We need = I want
It’s your decision = The correct decision should be obvious by
now
Do what you want = You’ll pay for this later
We need to talk = I need to complain
Sure… go ahead = I don’t want you to
I’m not upset = Of course I’m upset, you moron!
You’re … so manly = You need a shave and you sweat a
lot
You’re certainly attentive tonight = Is sex all you ever think
about?
I’m not emotional! And I’m not overreacting! = I’ve got my
period
Be romantic, turn out the lights = I have flabby thighs
This kitchen is so inconvenient = I want a new house
I want new curtains = and carpeting, and furniture, and
wallpaper…..
I need wedding shoes = the other 40 pairs are the wrong shade
of white
Hang the picture there = NO, I mean hang it there!

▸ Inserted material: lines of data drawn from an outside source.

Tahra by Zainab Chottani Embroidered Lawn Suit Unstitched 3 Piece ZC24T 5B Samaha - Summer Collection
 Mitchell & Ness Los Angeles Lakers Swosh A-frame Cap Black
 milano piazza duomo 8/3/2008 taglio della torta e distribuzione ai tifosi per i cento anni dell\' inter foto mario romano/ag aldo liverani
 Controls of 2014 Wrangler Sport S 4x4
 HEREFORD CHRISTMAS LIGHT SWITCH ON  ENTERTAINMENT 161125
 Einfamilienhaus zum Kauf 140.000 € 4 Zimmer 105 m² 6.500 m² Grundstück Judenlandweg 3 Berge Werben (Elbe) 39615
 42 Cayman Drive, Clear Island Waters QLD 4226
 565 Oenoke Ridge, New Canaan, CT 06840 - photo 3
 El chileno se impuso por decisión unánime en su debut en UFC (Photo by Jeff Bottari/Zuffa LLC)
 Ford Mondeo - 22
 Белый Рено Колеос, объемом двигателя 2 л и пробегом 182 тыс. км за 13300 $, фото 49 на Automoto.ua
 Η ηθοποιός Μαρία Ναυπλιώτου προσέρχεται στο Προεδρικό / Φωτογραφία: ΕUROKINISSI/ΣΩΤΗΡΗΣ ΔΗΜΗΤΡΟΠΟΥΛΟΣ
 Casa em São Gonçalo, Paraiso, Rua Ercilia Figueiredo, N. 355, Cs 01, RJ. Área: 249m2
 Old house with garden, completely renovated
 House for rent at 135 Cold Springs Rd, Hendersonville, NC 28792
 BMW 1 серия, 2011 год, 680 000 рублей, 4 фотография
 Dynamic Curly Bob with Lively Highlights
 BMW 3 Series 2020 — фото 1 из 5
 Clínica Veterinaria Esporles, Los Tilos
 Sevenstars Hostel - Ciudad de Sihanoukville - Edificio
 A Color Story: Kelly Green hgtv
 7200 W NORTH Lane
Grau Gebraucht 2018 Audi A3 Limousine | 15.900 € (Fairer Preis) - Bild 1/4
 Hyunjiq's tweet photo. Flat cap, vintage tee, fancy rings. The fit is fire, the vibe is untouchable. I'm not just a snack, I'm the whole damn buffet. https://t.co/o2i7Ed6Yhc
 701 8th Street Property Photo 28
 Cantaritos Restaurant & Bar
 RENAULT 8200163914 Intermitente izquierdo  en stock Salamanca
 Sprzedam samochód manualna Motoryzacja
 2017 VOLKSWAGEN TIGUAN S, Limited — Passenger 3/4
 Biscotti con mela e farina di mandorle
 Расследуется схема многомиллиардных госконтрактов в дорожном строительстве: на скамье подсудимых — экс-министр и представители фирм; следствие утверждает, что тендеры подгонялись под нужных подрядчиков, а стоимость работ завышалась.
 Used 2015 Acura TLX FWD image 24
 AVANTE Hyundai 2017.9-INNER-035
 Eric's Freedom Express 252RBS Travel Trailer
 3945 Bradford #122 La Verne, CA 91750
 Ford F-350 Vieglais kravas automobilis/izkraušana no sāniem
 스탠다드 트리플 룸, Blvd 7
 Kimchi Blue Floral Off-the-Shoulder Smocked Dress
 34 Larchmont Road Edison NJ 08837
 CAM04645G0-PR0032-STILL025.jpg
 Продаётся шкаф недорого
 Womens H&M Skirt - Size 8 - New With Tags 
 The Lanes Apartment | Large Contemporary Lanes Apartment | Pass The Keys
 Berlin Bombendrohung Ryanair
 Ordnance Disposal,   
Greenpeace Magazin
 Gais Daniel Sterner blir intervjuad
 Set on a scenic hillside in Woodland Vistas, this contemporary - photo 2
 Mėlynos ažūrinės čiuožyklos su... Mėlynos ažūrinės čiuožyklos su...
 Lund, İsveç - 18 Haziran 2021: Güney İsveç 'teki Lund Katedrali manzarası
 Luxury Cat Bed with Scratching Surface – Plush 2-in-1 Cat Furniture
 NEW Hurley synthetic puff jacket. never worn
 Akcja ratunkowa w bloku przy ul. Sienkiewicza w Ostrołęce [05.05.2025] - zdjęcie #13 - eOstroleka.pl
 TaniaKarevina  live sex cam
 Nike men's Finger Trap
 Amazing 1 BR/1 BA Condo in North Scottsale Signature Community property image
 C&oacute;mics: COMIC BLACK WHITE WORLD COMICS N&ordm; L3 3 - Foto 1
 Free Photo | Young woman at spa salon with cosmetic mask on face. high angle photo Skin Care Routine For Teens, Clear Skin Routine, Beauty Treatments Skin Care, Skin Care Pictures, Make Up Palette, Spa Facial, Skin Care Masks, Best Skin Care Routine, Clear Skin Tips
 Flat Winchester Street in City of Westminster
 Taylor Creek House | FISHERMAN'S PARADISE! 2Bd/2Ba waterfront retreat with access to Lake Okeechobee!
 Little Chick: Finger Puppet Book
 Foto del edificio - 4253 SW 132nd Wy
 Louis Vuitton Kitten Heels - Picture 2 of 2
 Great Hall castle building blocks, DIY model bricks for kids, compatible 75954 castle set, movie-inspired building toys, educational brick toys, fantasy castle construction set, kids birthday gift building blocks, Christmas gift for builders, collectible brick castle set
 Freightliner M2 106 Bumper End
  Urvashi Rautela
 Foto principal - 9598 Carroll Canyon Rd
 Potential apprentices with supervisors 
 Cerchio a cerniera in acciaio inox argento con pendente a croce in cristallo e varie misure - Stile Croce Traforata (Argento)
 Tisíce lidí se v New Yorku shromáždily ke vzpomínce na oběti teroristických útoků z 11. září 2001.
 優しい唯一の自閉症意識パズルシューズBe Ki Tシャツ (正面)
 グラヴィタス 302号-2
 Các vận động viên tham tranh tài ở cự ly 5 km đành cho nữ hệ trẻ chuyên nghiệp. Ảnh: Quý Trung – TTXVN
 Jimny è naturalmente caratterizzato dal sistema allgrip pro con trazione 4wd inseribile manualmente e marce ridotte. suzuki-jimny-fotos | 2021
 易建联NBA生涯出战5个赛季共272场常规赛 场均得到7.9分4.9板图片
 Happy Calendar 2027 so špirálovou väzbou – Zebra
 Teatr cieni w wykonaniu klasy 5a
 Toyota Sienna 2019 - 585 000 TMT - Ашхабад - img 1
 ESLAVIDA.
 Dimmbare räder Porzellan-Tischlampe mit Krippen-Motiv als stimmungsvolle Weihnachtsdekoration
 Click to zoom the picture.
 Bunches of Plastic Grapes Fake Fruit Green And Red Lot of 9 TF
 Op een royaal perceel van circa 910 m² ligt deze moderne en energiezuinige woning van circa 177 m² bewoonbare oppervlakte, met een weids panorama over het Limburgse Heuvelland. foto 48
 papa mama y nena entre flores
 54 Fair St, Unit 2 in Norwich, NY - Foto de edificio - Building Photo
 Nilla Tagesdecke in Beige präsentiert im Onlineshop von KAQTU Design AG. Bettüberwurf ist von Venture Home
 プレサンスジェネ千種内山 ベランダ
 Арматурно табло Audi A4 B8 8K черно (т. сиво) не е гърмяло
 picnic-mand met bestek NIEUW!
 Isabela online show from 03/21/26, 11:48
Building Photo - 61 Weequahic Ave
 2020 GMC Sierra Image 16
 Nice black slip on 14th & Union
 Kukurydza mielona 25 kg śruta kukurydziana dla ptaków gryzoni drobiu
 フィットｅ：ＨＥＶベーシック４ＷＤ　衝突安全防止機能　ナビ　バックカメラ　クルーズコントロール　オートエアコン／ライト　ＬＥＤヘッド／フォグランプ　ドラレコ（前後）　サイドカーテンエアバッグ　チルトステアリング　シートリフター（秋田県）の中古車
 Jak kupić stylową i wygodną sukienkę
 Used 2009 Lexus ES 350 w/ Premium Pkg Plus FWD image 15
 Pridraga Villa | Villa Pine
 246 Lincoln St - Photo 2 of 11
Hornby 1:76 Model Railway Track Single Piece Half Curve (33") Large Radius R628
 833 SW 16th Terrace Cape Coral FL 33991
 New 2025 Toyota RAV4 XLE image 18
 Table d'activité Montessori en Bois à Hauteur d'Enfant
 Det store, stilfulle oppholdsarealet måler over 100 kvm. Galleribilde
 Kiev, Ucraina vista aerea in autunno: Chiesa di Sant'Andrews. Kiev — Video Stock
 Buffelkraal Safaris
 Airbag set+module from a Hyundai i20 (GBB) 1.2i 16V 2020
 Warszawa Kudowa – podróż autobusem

I heard a noise = I noticed you were almost asleep
Do you love me = I’m going to ask for something expensive
How much do you love me = I did something today you’re really
not going to like
I’ll be ready in a minute = Kick off your shoes and find a
good game on TV
Is my butt fat = Tell me I’m beautiful
You have to learn to communicate = Just agree with me
Are you listening to me! = [Too late, you’re
dead.]
Yes = No
No = No
Maybe = No
I’m sorry = You’ll be sorry
Do you like this recipe = It’s easy to fix, so you’d better
get used to it
Was that the baby = Why don’t you get out of bed and walk him
until he goes to sleep.
I’m not yelling! = Yes I am yelling because I think this is
important
All we’re going to buy is a soap dish = It goes without saying
that we’re stopping at the cosmetics department, the shoe
department, I need to look at a few new purses, and those pink
sheets would look great in the bedroom and did you bring your
checkbook?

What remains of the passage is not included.